◆ ABOUT THIS EXERCISE ◆
Going down the data below, set down exactly the line with "Property photo 1 of 23 Living Room" and each line after it through the line with "Шарль Леклер, Sauber"; no other lines.

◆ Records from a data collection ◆
"""
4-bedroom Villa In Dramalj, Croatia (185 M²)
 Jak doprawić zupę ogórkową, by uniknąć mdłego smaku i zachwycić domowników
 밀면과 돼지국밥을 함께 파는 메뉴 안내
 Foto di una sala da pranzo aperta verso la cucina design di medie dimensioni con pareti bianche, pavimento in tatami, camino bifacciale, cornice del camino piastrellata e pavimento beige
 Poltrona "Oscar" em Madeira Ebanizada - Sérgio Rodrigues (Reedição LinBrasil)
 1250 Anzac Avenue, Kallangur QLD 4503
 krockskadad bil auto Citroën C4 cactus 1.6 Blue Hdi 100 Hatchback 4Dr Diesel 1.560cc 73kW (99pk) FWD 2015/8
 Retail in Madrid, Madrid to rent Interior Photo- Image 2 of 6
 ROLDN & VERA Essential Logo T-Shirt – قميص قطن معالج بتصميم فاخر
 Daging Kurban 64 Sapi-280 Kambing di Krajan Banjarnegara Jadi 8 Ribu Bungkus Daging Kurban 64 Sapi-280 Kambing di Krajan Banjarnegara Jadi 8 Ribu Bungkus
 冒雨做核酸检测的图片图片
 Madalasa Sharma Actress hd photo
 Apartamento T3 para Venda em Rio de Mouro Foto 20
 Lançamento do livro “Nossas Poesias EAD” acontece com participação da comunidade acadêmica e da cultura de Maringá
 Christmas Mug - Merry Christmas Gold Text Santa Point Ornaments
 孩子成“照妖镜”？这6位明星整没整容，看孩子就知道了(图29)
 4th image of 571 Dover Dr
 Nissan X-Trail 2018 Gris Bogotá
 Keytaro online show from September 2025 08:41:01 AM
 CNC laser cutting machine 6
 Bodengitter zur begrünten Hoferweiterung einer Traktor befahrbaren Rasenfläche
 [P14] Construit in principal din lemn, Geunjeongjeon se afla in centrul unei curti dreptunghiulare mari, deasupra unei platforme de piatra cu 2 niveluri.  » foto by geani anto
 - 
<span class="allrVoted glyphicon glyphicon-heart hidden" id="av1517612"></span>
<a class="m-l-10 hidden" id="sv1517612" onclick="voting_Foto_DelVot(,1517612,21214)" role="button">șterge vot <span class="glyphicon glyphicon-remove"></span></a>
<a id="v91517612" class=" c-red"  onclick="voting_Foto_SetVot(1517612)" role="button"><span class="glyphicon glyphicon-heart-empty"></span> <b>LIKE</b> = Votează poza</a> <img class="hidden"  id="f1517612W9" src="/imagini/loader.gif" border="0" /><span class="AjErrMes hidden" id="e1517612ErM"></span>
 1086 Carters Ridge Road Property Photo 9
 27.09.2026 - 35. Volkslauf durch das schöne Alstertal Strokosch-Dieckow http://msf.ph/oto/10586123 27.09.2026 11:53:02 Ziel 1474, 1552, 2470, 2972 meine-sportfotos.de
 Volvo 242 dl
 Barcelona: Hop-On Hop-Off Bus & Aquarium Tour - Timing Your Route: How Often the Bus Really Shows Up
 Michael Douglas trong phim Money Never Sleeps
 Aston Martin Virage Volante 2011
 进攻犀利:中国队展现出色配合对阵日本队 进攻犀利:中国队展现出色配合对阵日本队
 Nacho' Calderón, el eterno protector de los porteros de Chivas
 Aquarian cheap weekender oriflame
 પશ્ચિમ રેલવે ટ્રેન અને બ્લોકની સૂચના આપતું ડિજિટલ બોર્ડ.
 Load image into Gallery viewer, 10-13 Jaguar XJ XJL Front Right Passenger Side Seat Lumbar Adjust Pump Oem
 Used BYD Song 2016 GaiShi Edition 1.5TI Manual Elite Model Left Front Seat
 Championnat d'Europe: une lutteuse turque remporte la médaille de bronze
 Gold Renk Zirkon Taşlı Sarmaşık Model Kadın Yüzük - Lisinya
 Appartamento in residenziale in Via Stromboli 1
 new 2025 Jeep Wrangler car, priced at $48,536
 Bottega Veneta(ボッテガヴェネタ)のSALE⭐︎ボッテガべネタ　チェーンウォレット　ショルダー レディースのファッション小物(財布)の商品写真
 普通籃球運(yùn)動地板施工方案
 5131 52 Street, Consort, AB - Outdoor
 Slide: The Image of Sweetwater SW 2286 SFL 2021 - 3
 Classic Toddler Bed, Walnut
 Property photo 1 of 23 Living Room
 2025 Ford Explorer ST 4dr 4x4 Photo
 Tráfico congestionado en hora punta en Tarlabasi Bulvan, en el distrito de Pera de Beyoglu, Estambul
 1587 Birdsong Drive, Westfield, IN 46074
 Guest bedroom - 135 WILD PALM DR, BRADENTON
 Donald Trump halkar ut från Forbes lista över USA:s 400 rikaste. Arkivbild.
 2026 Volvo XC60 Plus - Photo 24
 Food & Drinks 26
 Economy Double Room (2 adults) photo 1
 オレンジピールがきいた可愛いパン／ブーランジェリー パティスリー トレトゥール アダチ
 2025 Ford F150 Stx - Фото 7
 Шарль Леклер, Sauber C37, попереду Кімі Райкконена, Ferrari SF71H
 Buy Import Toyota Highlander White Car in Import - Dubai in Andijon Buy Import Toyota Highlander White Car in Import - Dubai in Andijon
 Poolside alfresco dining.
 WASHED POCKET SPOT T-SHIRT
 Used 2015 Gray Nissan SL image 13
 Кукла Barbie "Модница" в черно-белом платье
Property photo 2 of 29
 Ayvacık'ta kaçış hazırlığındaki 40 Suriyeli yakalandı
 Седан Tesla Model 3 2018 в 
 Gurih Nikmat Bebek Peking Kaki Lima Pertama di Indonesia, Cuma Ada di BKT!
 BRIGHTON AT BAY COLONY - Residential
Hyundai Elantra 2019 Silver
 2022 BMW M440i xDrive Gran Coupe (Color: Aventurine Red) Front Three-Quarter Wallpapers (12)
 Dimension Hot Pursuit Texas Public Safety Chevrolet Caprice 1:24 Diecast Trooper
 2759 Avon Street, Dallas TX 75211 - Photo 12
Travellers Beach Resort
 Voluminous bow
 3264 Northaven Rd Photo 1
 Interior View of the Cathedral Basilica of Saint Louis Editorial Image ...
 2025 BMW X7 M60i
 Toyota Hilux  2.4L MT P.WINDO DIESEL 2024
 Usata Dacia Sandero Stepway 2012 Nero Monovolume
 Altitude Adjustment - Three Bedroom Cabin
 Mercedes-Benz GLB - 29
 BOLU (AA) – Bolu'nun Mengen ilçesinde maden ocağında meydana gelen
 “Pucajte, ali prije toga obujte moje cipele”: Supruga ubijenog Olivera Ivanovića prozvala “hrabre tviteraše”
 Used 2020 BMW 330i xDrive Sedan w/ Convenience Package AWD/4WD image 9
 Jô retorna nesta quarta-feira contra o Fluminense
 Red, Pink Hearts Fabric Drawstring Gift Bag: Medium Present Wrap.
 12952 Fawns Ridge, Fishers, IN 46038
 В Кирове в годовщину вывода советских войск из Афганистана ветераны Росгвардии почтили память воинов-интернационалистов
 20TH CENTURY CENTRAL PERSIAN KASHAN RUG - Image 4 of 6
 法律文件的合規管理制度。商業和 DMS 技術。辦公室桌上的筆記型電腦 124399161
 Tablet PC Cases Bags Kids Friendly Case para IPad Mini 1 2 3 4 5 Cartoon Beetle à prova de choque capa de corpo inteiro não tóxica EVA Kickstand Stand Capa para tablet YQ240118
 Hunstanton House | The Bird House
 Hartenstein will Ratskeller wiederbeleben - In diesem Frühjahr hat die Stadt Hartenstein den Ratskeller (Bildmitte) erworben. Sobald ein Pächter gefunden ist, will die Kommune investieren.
"""
◆ SOLUTION TO THE EXERCISE ◆
 Property photo 1 of 23 Living Room
 2025 Ford Explorer ST 4dr 4x4 Photo
 Tráfico congestionado en hora punta en Tarlabasi Bulvan, en el distrito de Pera de Beyoglu, Estambul
 1587 Birdsong Drive, Westfield, IN 46074
 Guest bedroom - 135 WILD PALM DR, BRADENTON
 Donald Trump halkar ut från Forbes lista över USA:s 400 rikaste. Arkivbild.
 2026 Volvo XC60 Plus - Photo 24
 Food & Drinks 26
 Economy Double Room (2 adults) photo 1
 オレンジピールがきいた可愛いパン／ブーランジェリー パティスリー トレトゥール アダチ
 2025 Ford F150 Stx - Фото 7
 Шарль Леклер, Sauber C37, попереду Кімі Райкконена, Ferrari SF71H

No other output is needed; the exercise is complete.